The man studies him. “What’s it like, then?”

Nuadha knows he means the rain, so Nuadha tells him. He left school, tried to find work, but no one had time for an employee like him. If something upset him it rained indoors; no one wanted that. His depression became clinical, then the fog never left him. He made a little money standing in fields during summer, but it was a pathetic existence. A lonely one.

After Nuadha finishes talking, the man is silent. Pensive. He stands up and takes off his coat, handing it to Nuadha.

Nuadha steps back, startled.

“Go on, take it,” the man says. “You need it more than I.”

“No, I can’t!” Nuadha protests. The man’s frail underneath the coat, shivering under the battering rain.

The man’s eyes smile. “I’m far too old for you to worry about me.” He shoves the coat at Nuadha.

Nuadha puts it on. It covers him completely, dragging on the floor, but it’s warmer than anything he’s worn before. He closes his eyes and sinks into it.
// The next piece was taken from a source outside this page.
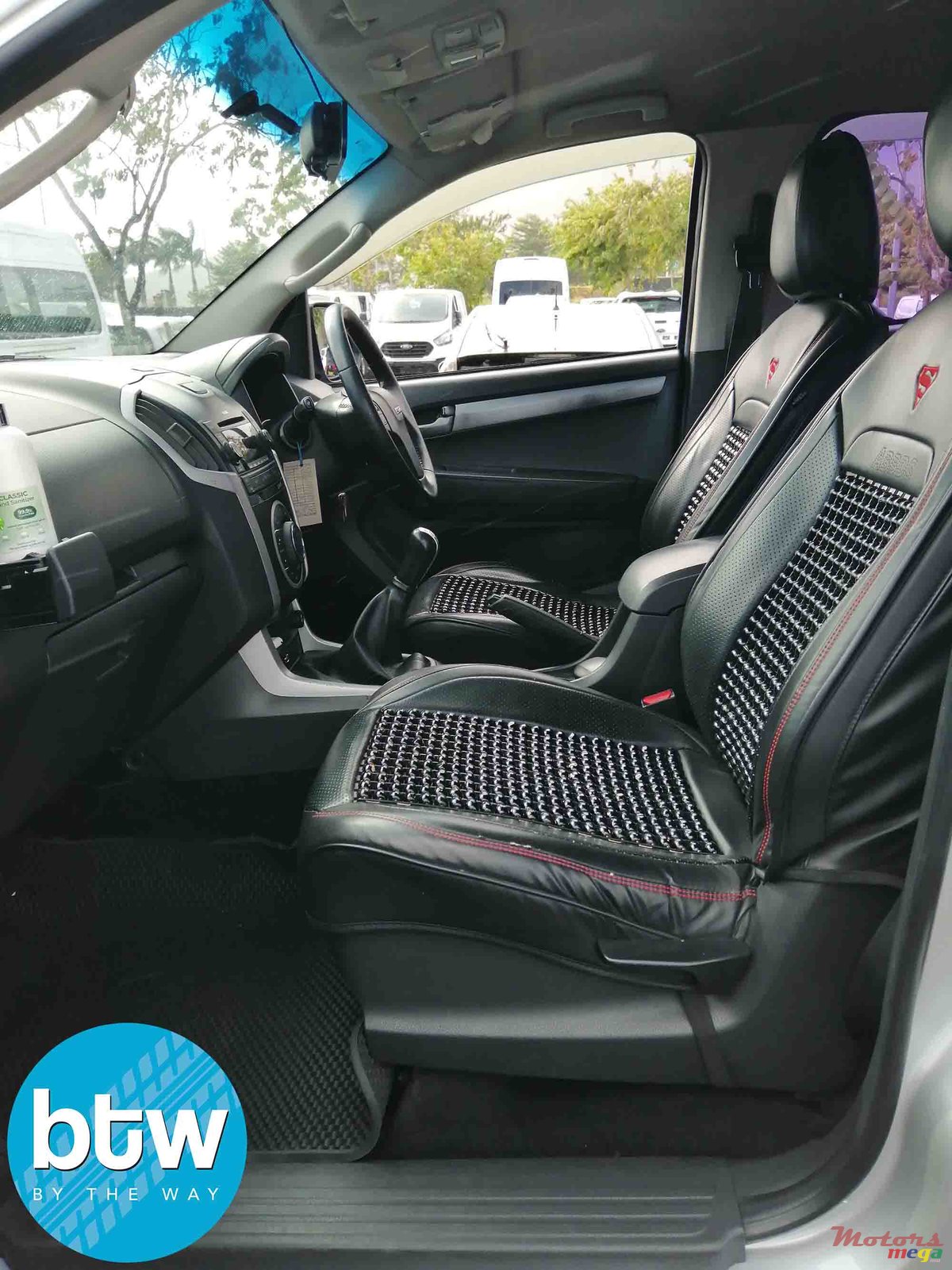 2014' Isuzu KB Series 3000 photo #6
When he looks up, the old man is gone.

“When you die, your soul travels to a land across the sea where no one ages or gets sick and everyone is happy,” mother says. “The sun never sets there and the land’s filled with dancing and singing. When I die I’ll go to that place, and when you die you’ll see me there, too.”

Nuadha’s eye still throbs from where he was hit. Tara’s umbrella is a faint smudge in his mind, and he hugs the old man’s coat around him. Nuadha stands on a bridge. His rain whips the river into a maddened frenzy, the water violent. As he stares he imagines he can hear each raindrop hitting the surface, nature’s song. Nuadha can hear his parents calling to him, and he sees the sun shining softly, beckoning him.

It’ll all go away.

In the land beyond the sea, it never rains…

#

Tara is halfway home when she realises she forgot to ask Nuadha how to contact him. She’s about to turn around when the sun catches off her umbrella and she shields her eyes. Tara looks up: it’s stopped raining.